## What is needed
Write out the entries below exactly, but only from the line containing "香港玉器市场吸引了来自世界各" through the line containing "Rhinestone butterfly necklace", and without the pictures.

(Source information Opens)

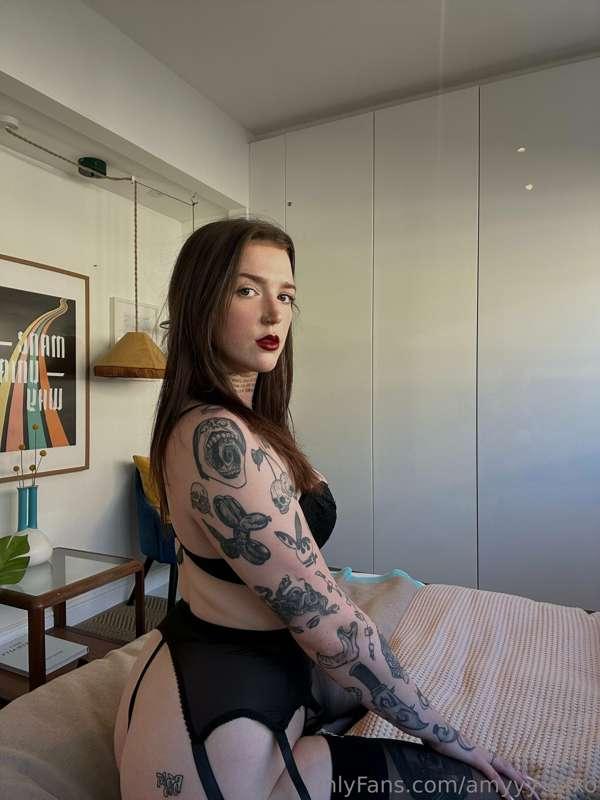 Im such a filthy whore fuck doll slut, it turns me on to thi..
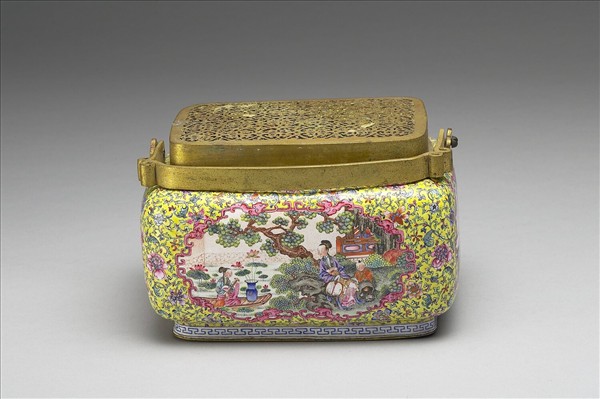 銅胎畫琺瑯黃地開光人物手爐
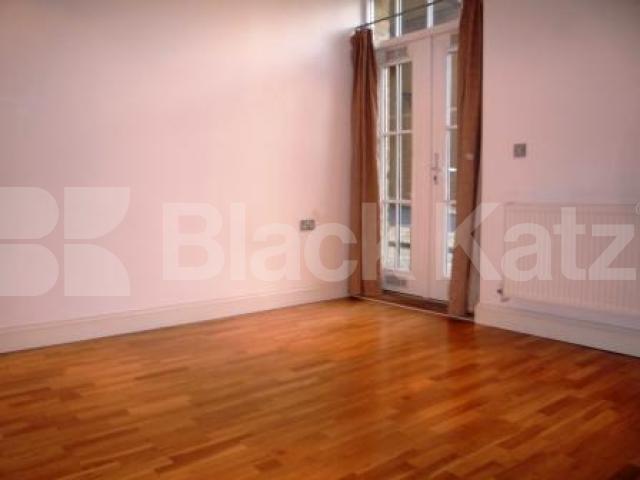 			1 Bedroom, 1 bath, 1 reception Serviced Apartments			 Princess Park Manor, Princess Park Manor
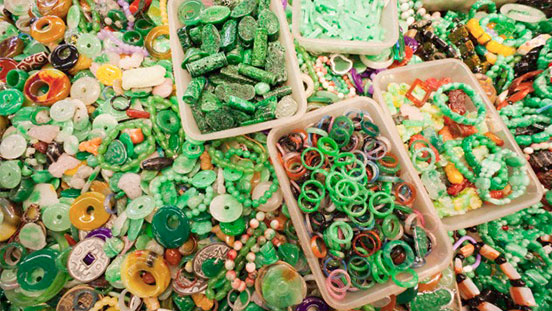 香港玉器市场吸引了来自世界各地的珠宝鉴赏家。 在GIA香港分校学习，你可以经常接触当地玉器市场。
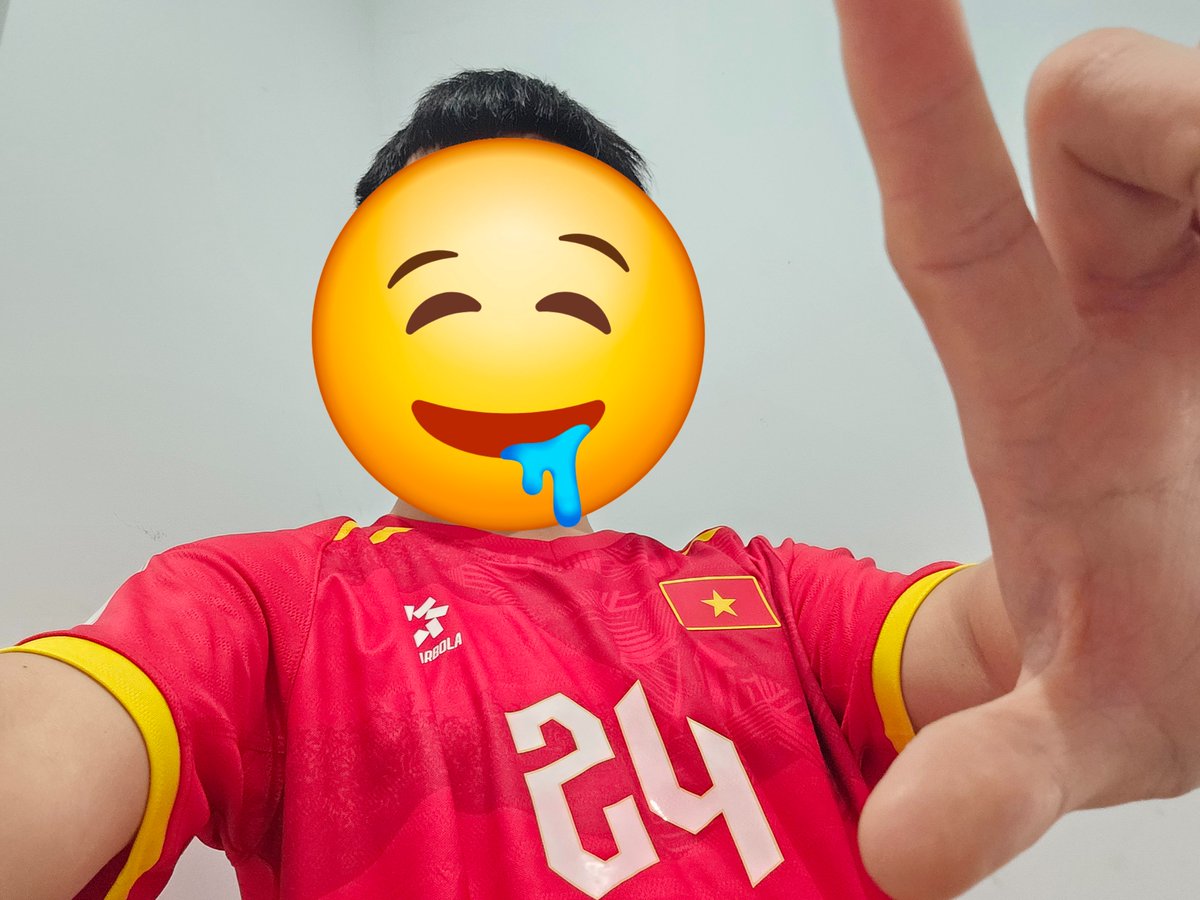 Thichdabanh0's tweet photo. Tớ đúng thích bắn sữa lên số áo ghê kk. Muốn thử hông 🤪 https://t.co/v44sHkzSJ5
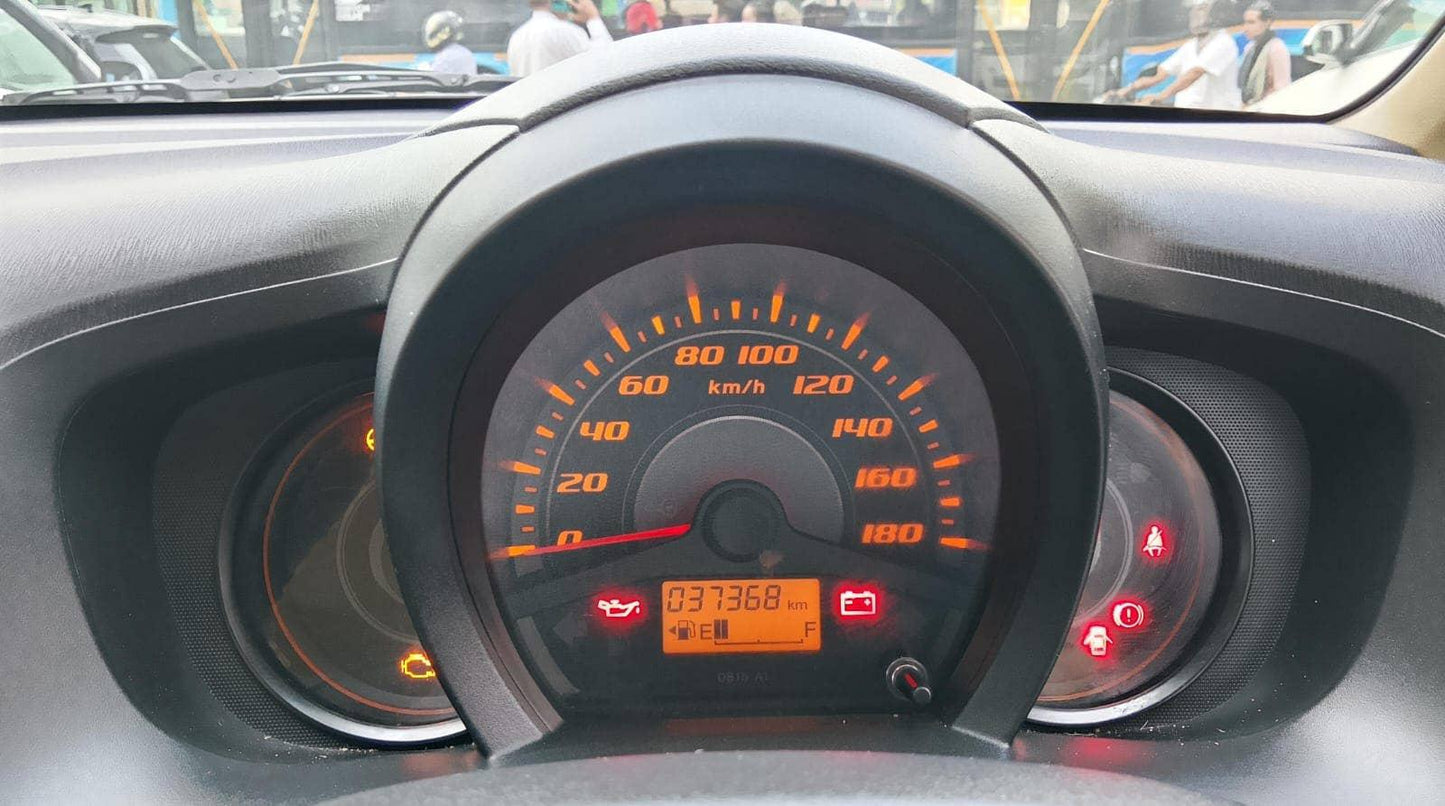 37,000 KMS HONDA AMAZE E MT 1.2 PETROL (2015)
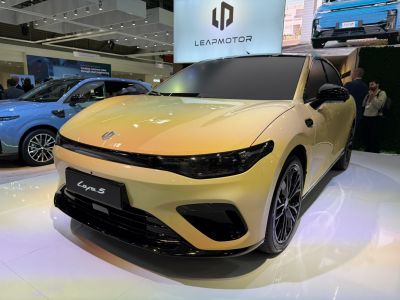 2026 Leapmotor Lafa 5 3/4 front-left view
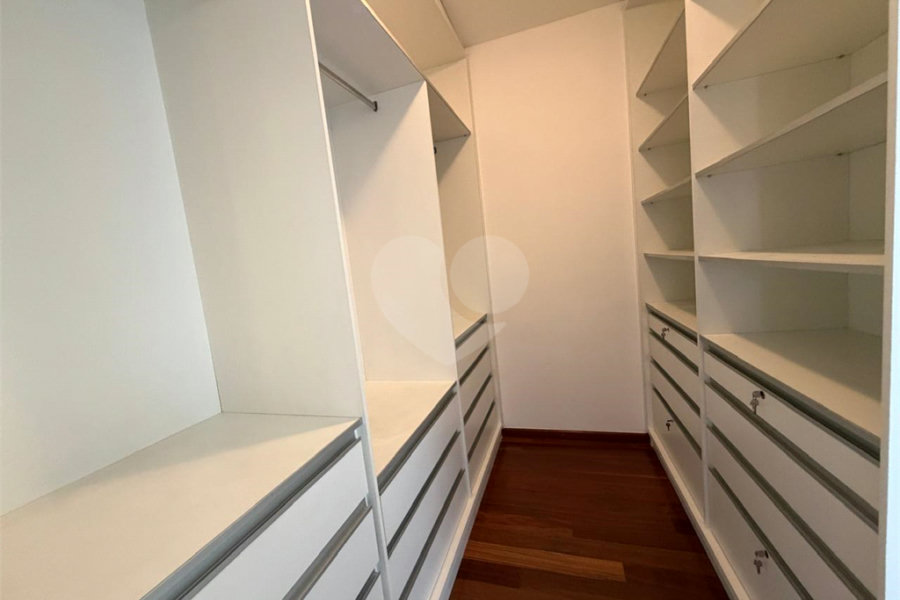 Apartamento à venda com 3 suítes em Santana, São Paulo, SP
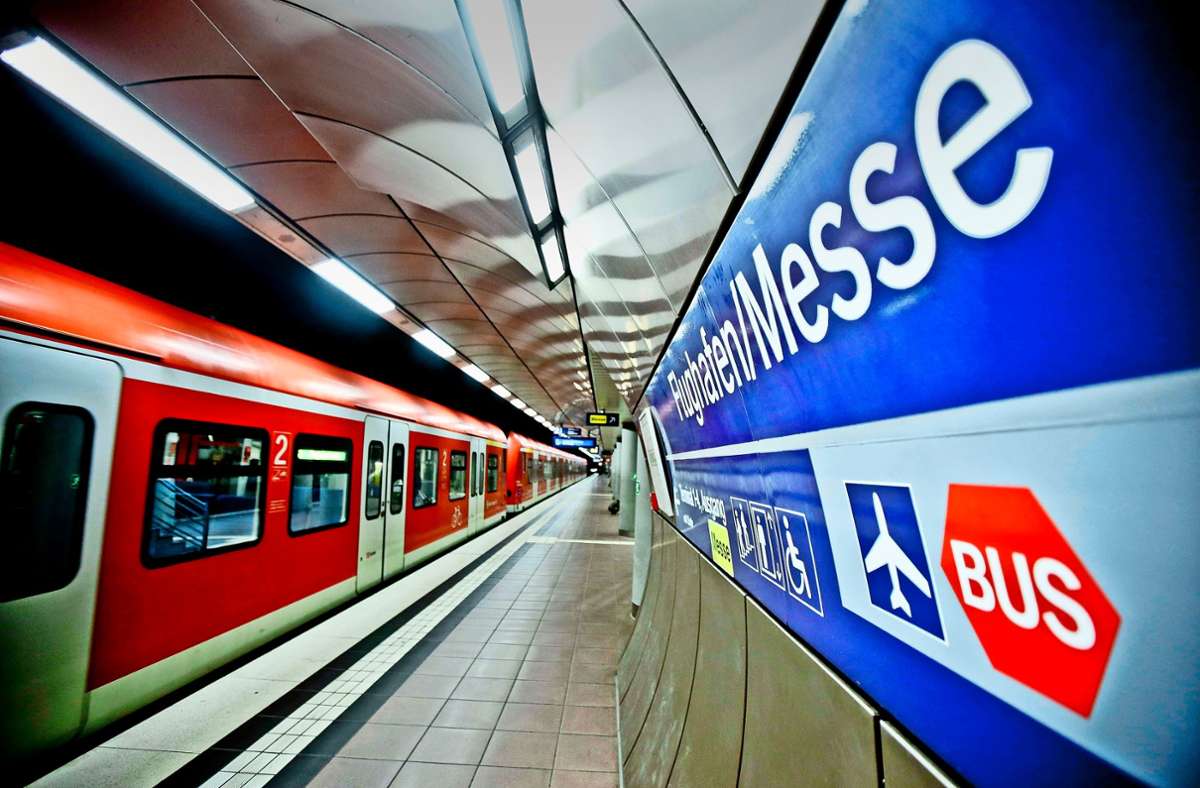 S-Bahn  in der Region Stuttgart: Bahnlinie S 2 ab Dezember im  15-Minuten-Takt nach Filderstadt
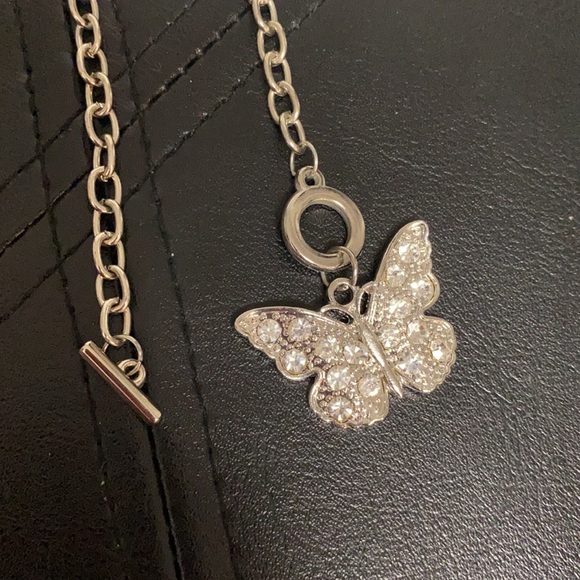 Rhinestone butterfly necklace with matching dangling earrings - Picture 8 of 11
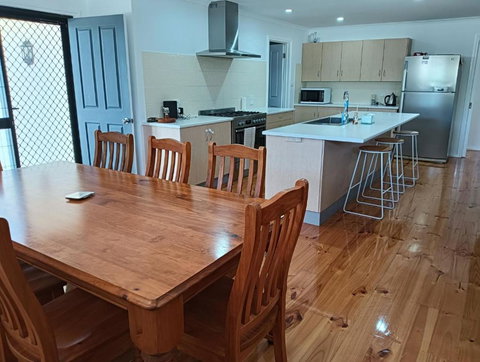 Sea Shells By The Sea Shore - Accommodation Resorts 3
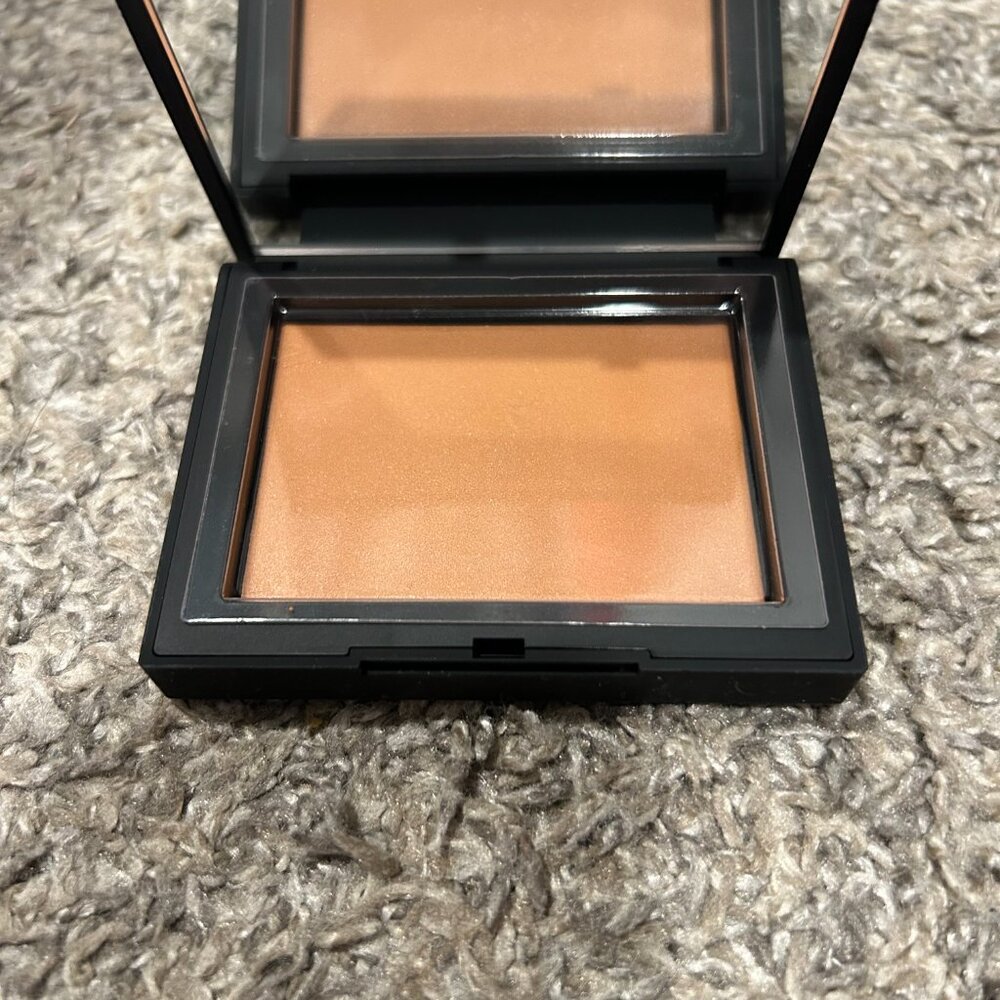 Nars Setting Powder - Picture 2 of 2
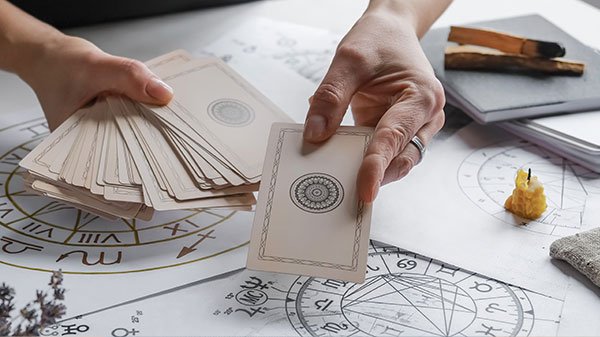 /content/dam/cultura-one/newsletters/2024/commerciales/01_11_ep/tarot.jpg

(Source information Closes)

## Response area
 香港玉器市场吸引了来自世界各地的珠宝鉴赏家。 在GIA香港分校学习，你可以经常接触当地玉器市场。
 Thichdabanh0's tweet photo. Tớ đúng thích bắn sữa lên số áo ghê kk. Muốn thử hông 🤪 https://t.co/v44sHkzSJ5
 37,000 KMS HONDA AMAZE E MT 1.2 PETROL (2015)
 2026 Leapmotor Lafa 5 3/4 front-left view
 Apartamento à venda com 3 suítes em Santana, São Paulo, SP
 S-Bahn  in der Region Stuttgart: Bahnlinie S 2 ab Dezember im  15-Minuten-Takt nach Filderstadt
 Rhinestone butterfly necklace with matching dangling earrings - Picture 8 of 11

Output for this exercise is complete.